(Saved entries)
_ _ _

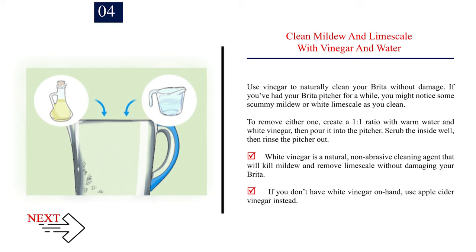Step 4: Clean mildew and limescale with vinegar and water. Use vinegar to naturally clean your Brita without damage. If you've had your Brita pitcher for a while, you might notice some scummy mildew or white limescale as you clean. To remove either one, create a 1-to-1 ratio with warm water and white vinegar, then pour it into the pitcher. Scrub the inside well, then rinse the pitcher out. White vinegar is a natural, non-abrasive cleaning agent that will kill mildew and remove limescale without damaging your Brita. If you don't have white vinegar on hand, use apple cider vinegar instead.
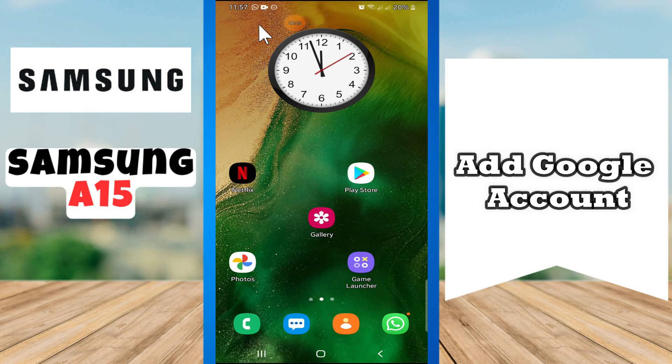Hey guys, hope you are good. Welcome to my YouTube channel. In today's video, I'll be telling you how to add a Google account to your device, Samsung A15. But before we start, if you are new to my channel, don't forget to hit the red subscribe button and the bell icon so you won't miss any of my updates. Now watch this video.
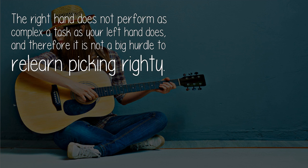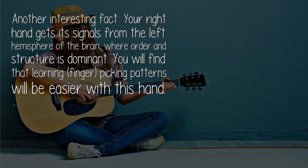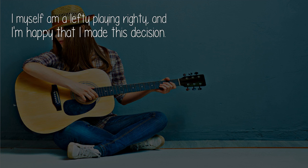Another interesting fact: your right hand gets its signals from the left hemisphere of the brain, where order and structure is dominant. You will find that learning fingerpicking patterns will be easier with this hand. I myself am a lefty playing righty, and I'm happy that I made this decision.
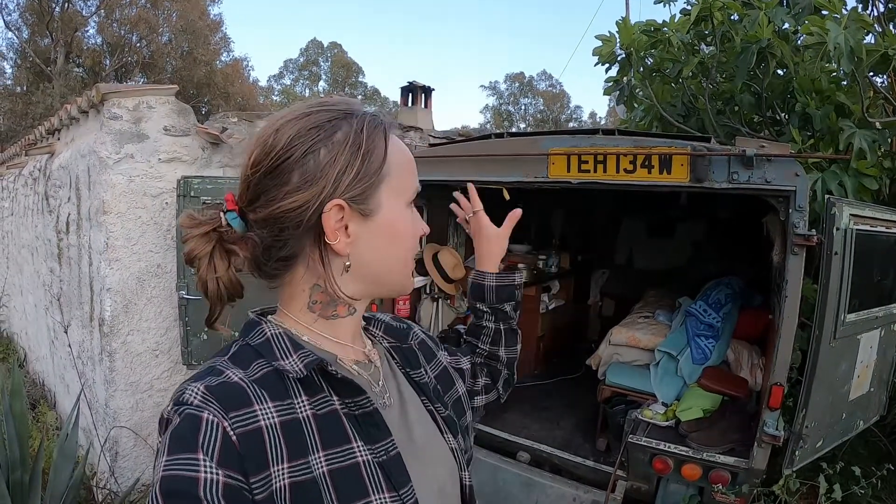Hi everybody, today I'm cooking in my van — a very cool vintage Land Rover. It's been in this place for a good couple of years, but the inside still looks the way it looked when the owners of the place I'm staying with came over from the UK to here in Spain, down in the south. I have a gas bottle and cooker, so I'm making some sort of pasta today.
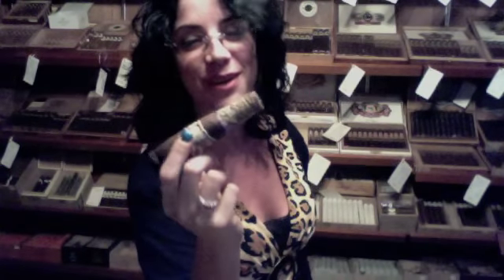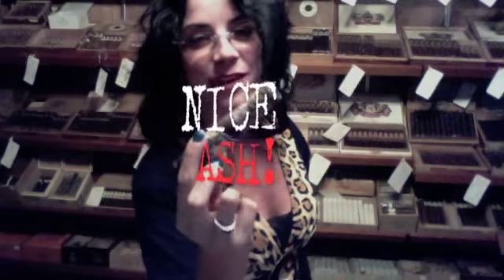My ash is about to go, so I wanted to make sure you guys got a good picture of the construction of this cigar. Almost half an inch of ash — now that's quite a fine ash.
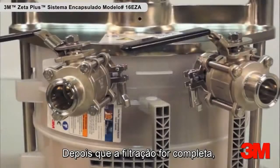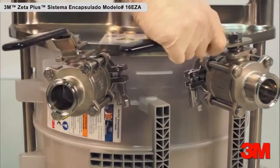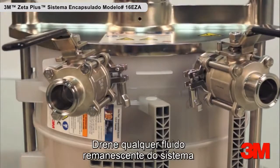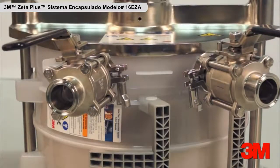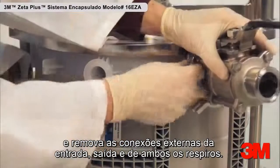After filtration is completed, open the vent valves to relieve the internal pressure. Drain any remaining fluid from the system and remove the external connections from the inlet, outlet, and both vents.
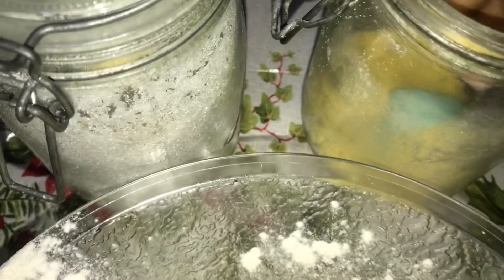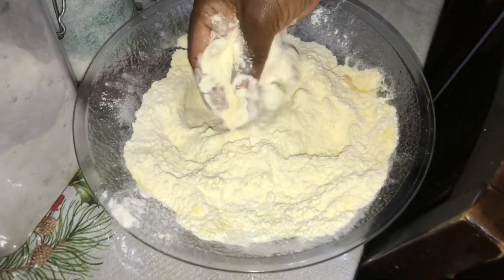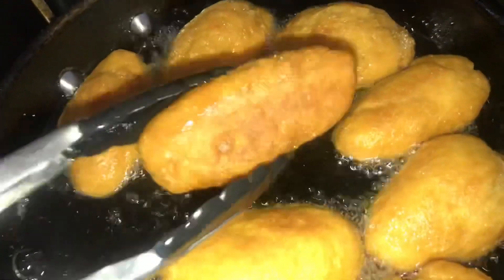Let's make some Jamaican festival! I had some flour, baking powder, sugar, salt, and butter inside a bowl. I mix it up, get my oil in, and start to fry up my festival.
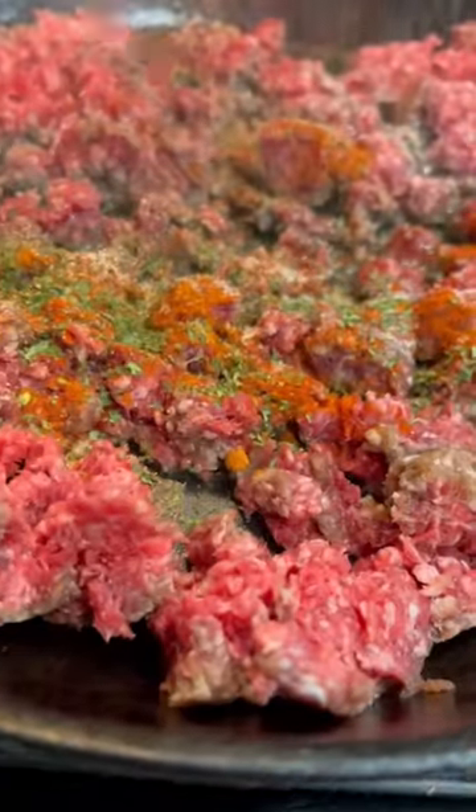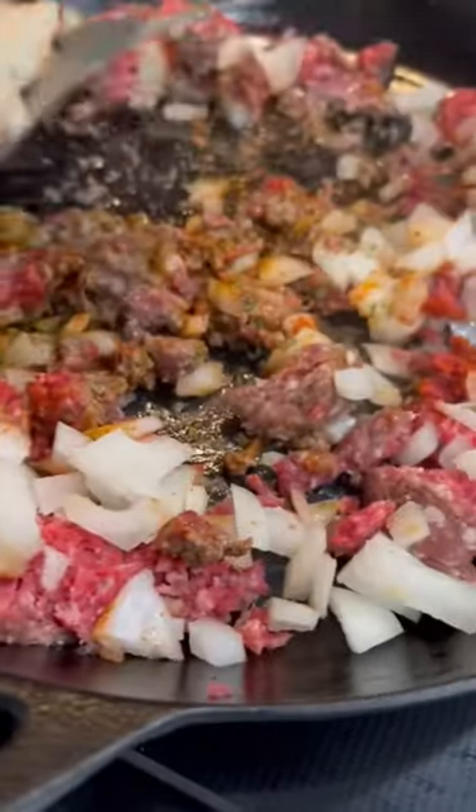Just brown a pound of ground beef and season that with salt, pepper, paprika, cayenne, and parsley. Then throw in a diced onion and let that finish cooking.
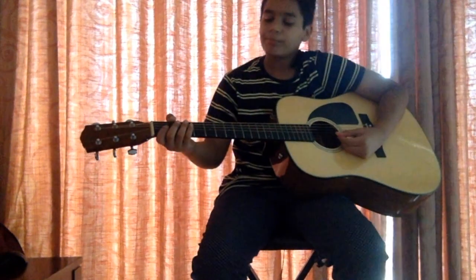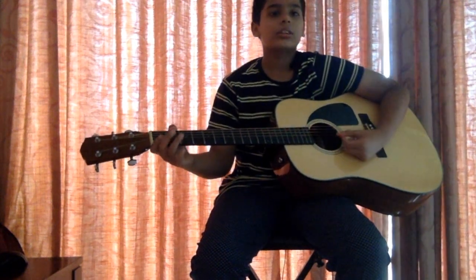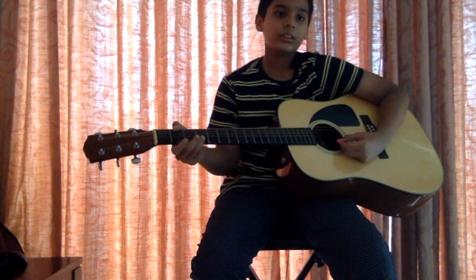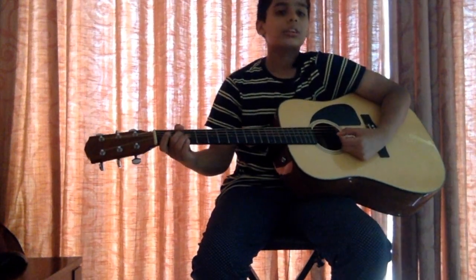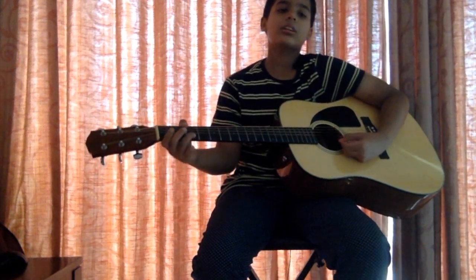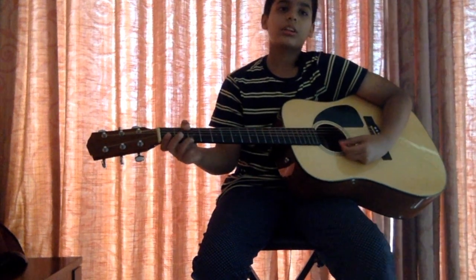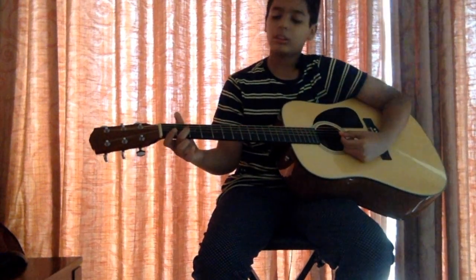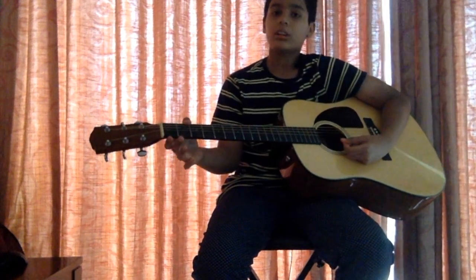Now I'm going to play the Godfather theme. Oh wait, there's some bonus content made specially for you guys. Ooh, it looks really cool. Come on with me, let's see what it is. I'm going to play the Harry Potter theme. See, I told you it would be cool.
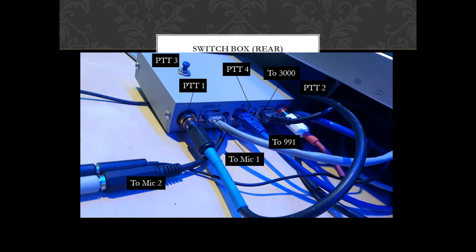Looking at the box from the rear, we've got the PTT switch on the top — PTT number 3, which you've seen. On the left, we've got PTT 1, which is an RCA phono connection. On the far right, you've got PTT 2, which again is a phono connection. And then we've got three RJ45 connections. The grey one is the connection out to microphone number 1. The middle RJ45 is off to the 991, and the far right RJ45 is off to the FT3000.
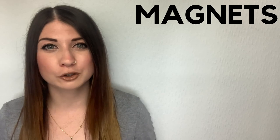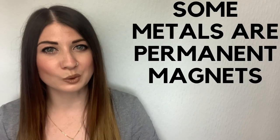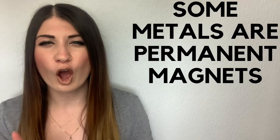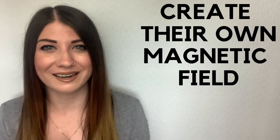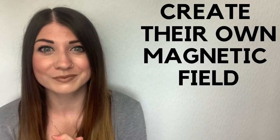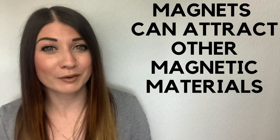Following a recent episode I've done on magnets, I thought I'd introduce you to electromagnets. We know that some metals are permanent magnets, otherwise known as ferromagnets, and they create their own magnetic field which is an invisible force. Magnets can attract other magnetic materials and can be used for stuff like compasses as well.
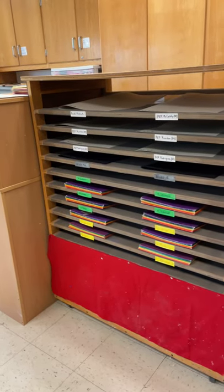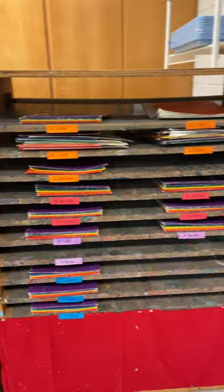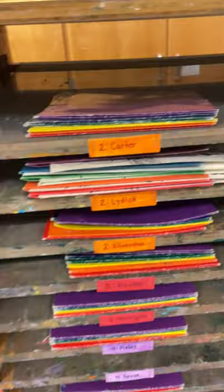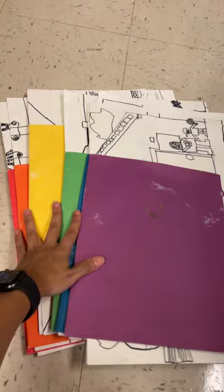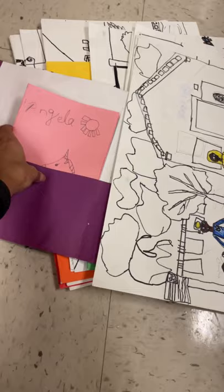I wanted to share how I store my student artwork. Each grade level is color coded, and within each class there are six folders, one for each table color. I have an art associate whose job is to distribute and collect folders. Within each folder, students are able to store their sketchbook as well as whatever artwork they're working on.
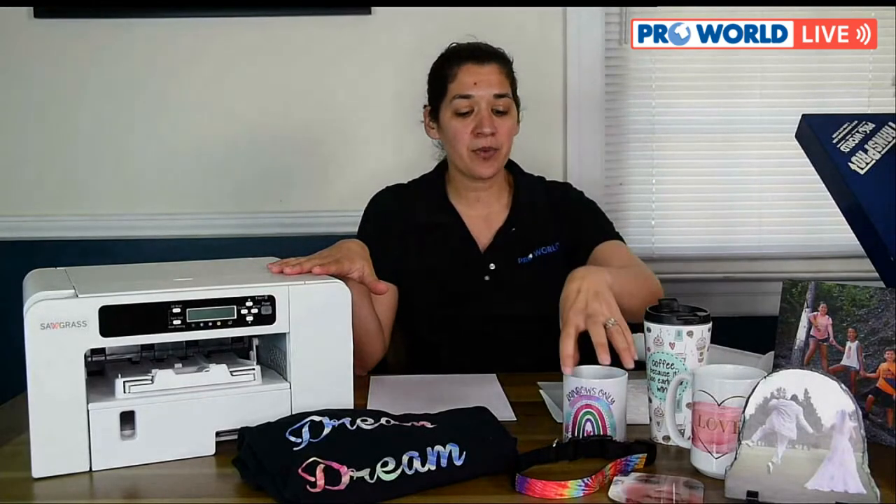I have the SubliJet ink system in my printer and I'm printing everything on this side with the transfer print paper and the SubliJet. This item was printed with Easy Subli ink and the Easy Subli vinyl.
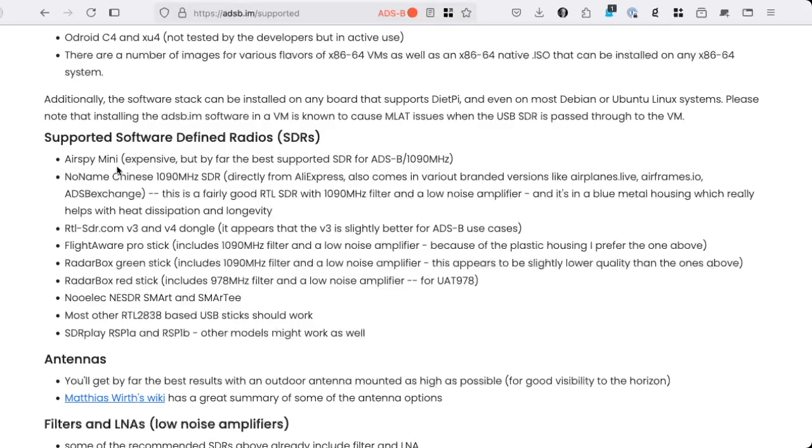For the SDR you need, there are many options. The Airspy Mini is definitely the best for airplane tracking at 1090 MHz, but there are fairly good Chinese SDRs available, either directly imported from AliExpress or in various branded versions from Airplanes Live and Airframes.io and others. It's a fairly good RTL-SDR with a 1090 MHz filter and LNA. It usually comes in a blue metal housing, which really helps with heat dissipation and longevity of the SDR.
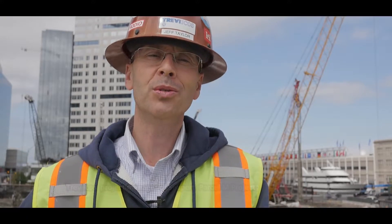This is the Seaport Parcel M Project in the Seaport District of Boston, Massachusetts. This project features the construction of three 20-story towers used for mixed use.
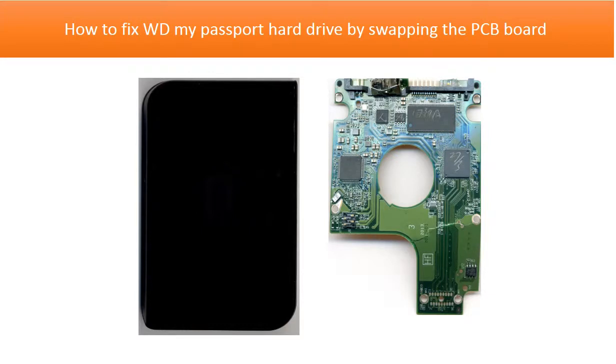Hello everyone. This video is going to talk about how to fix a WD My Passport hard drive by swapping the PCB board.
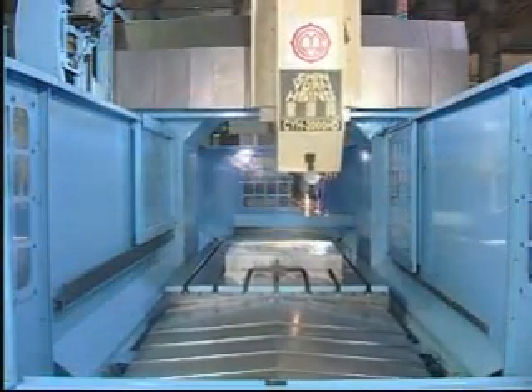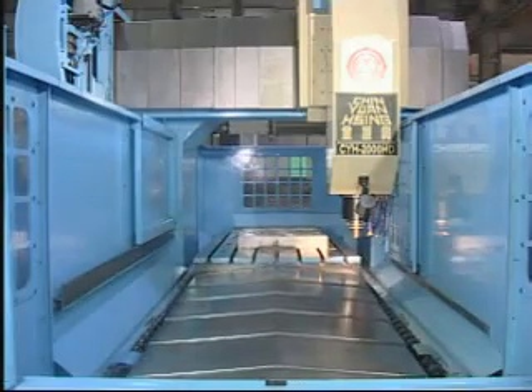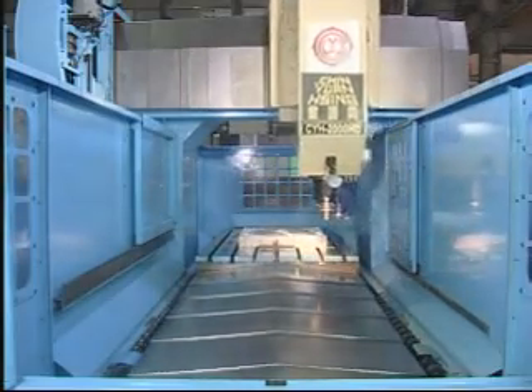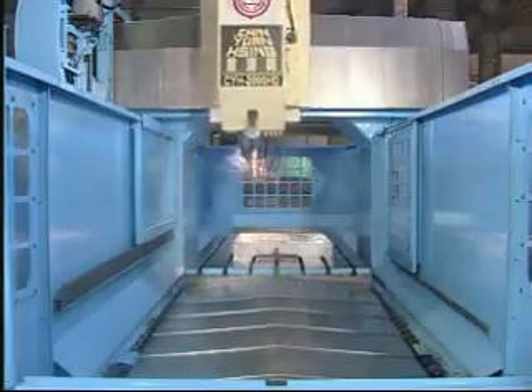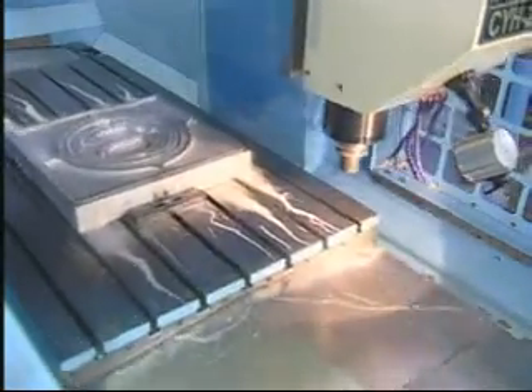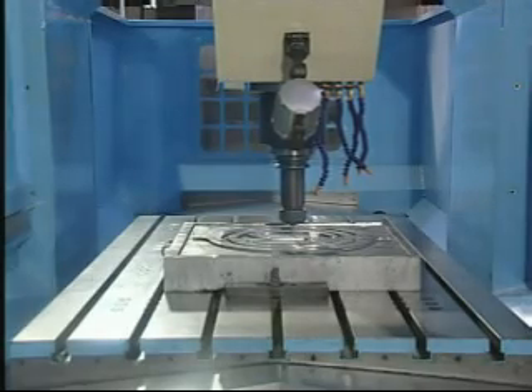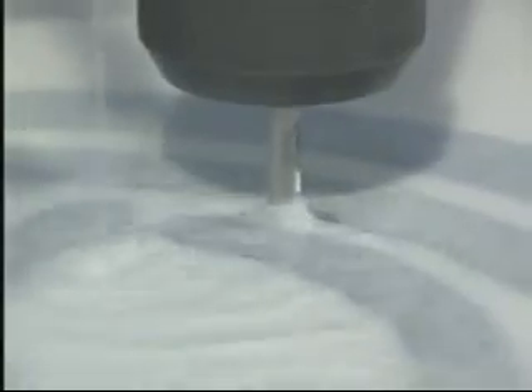It's suitable for various working types. The coarse and fine working can be completed at one time, and it saves time. The CNC Plano Miller offers a variety of functions, such as milling, drilling, tapping, spline and keyway cutting, etc.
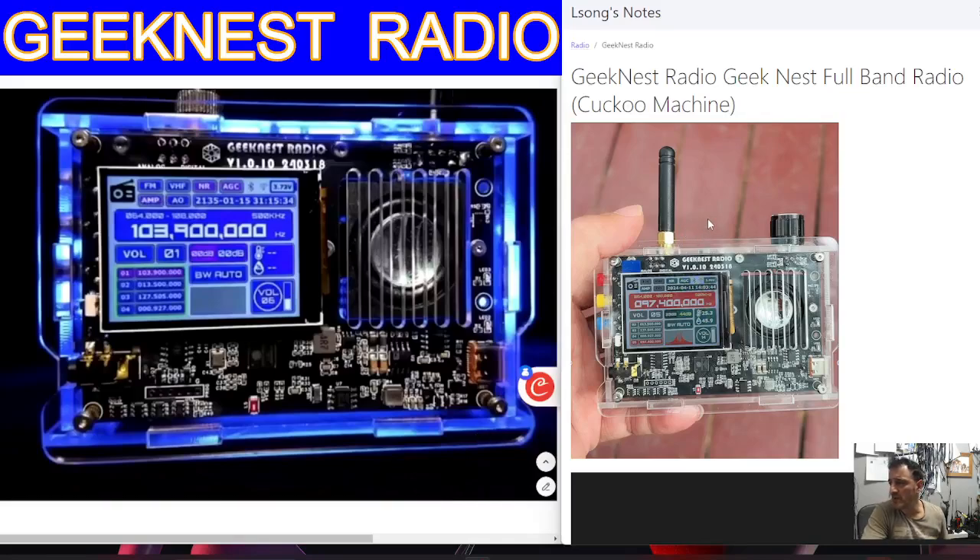M0FXB, welcome back to the channel. Geek Nest Radio — Geek Nest Full Band Radio: HF, VHF, Airband, plus more frequencies.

_ _ _

* **Your instructions**
Once the line with "Now I'm going" is found above, print it and every line after it through the line with "Following a recent", exactly. Pictures stay out.

* **Answer to this task**
Now I'm going to play the Godfather theme. Oh wait, there's some bonus content made specially for you guys. Ooh, it looks really cool. Come on with me, let's see what it is. I'm going to play the Harry Potter theme. See, I told you it would be cool.
Looking at the box from the rear, we've got the PTT switch on the top — PTT number 3, which you've seen. On the left, we've got PTT 1, which is an RCA phono connection. On the far right, you've got PTT 2, which again is a phono connection. And then we've got three RJ45 connections. The grey one is the connection out to microphone number 1. The middle RJ45 is off to the 991, and the far right RJ45 is off to the FT3000.
Following a recent episode I've done on magnets, I thought I'd introduce you to electromagnets. We know that some metals are permanent magnets, otherwise known as ferromagnets, and they create their own magnetic field which is an invisible force. Magnets can attract other magnetic materials and can be used for stuff like compasses as well.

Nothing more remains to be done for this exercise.